Fußballfestival in Namausha

Fußball spielt eine wichtige Rolle in Tusole, einem selbstverwalteten Entwicklungsprojekt in Sambia  ■  Aus Namausha Verena Mörath

Es ist früher Samstag nachmittag. Das heißt, it's football time überall auf der Welt. Im Maracana-Stadion toben die Massen, die Parkplätze am Rheinstadion sind dicht, die Fernseher laufen. Auch in Sambia wird heute Fußball gespielt. Um genauer zu sein, in Namausha, ein Dorf südlich der Hauptstadt Lusaka.

Allerdings geht es hier nicht um Bundesligapunkte oder um die Qualifikation für die Weltmeisterschaft. Es ist eine Vorführung für vier Gäste aus Deutschland. Sie sollen nicht gehen, ohne den „Tusole Fußballklub“ bewundert zu haben. Tusole ist ein Begriff der Tonga-Sprache und heißt: „Laßt es uns versuchen!“ Es ist der Name des örtlichen selbstverwalteten Entwicklungsprojekts, das 1.500 Mitglieder hat.

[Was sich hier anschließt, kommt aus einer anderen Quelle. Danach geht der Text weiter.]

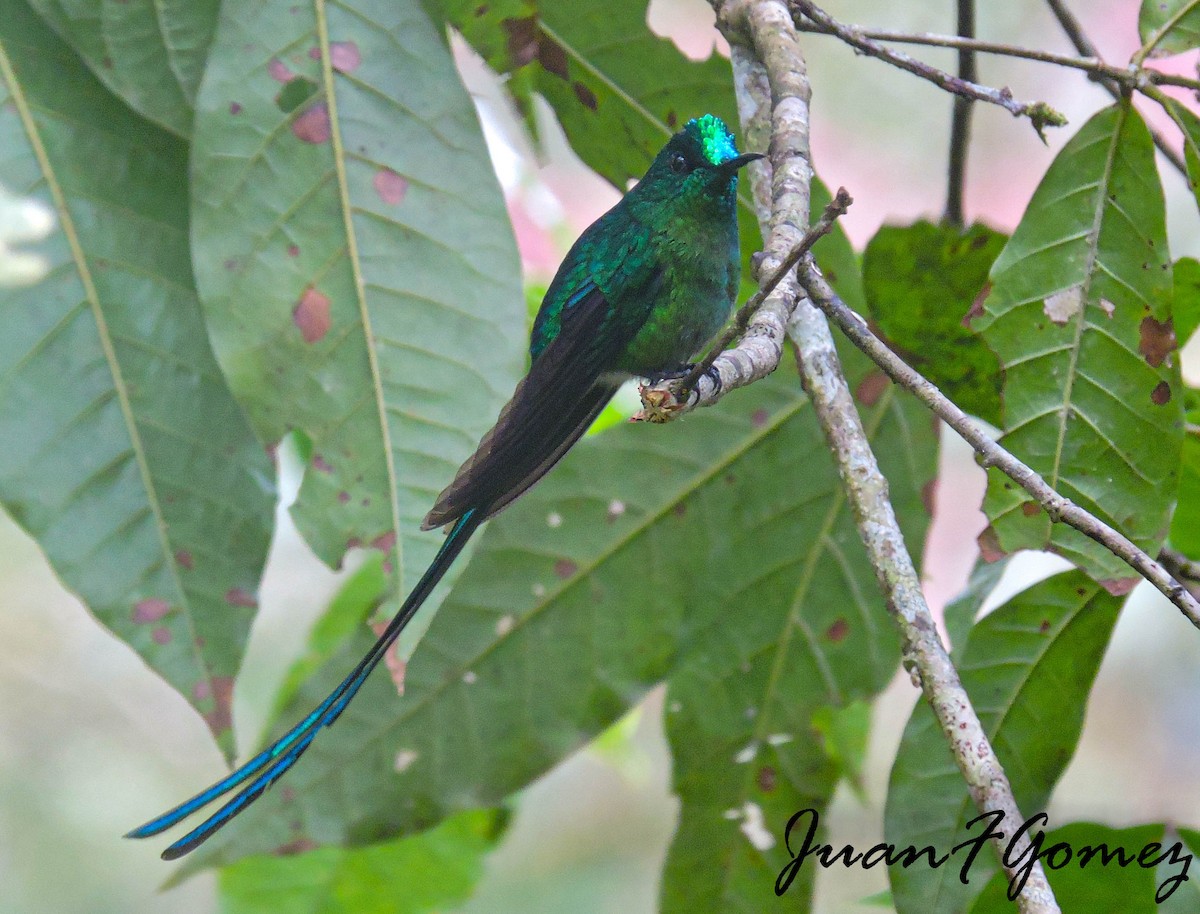 Long-tailed Sylph - ML294852431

Die Frauen von unserem Gastgehöft sitzen schon im Zuschauerraum, der aus Sitzbalken besteht, die an den Längsseiten des Spielfeldes aufgestellt sind. Aus allen Richtungen tauchen kleine und große Grüppchen auf. Viele mußten zwei bis drei Stunden Fußmarsch auf sich nehmen, um hier herzukommen. Die Frauen winken und locken uns mit gerösteten Maiskolben. Ob es immer so voll sei beim Fußball, frage ich: „Nein, nicht immer, aber heute wollen alle die Gäste sehen und begrüßen.“ Erdnüsse werden herumgereicht, Männer und Frauen sitzen, stehen, reden miteinander. Natürlich, wie es sich hier gehört, getrennt. Immer wieder kommt ein kleiner Imbiß bei uns an.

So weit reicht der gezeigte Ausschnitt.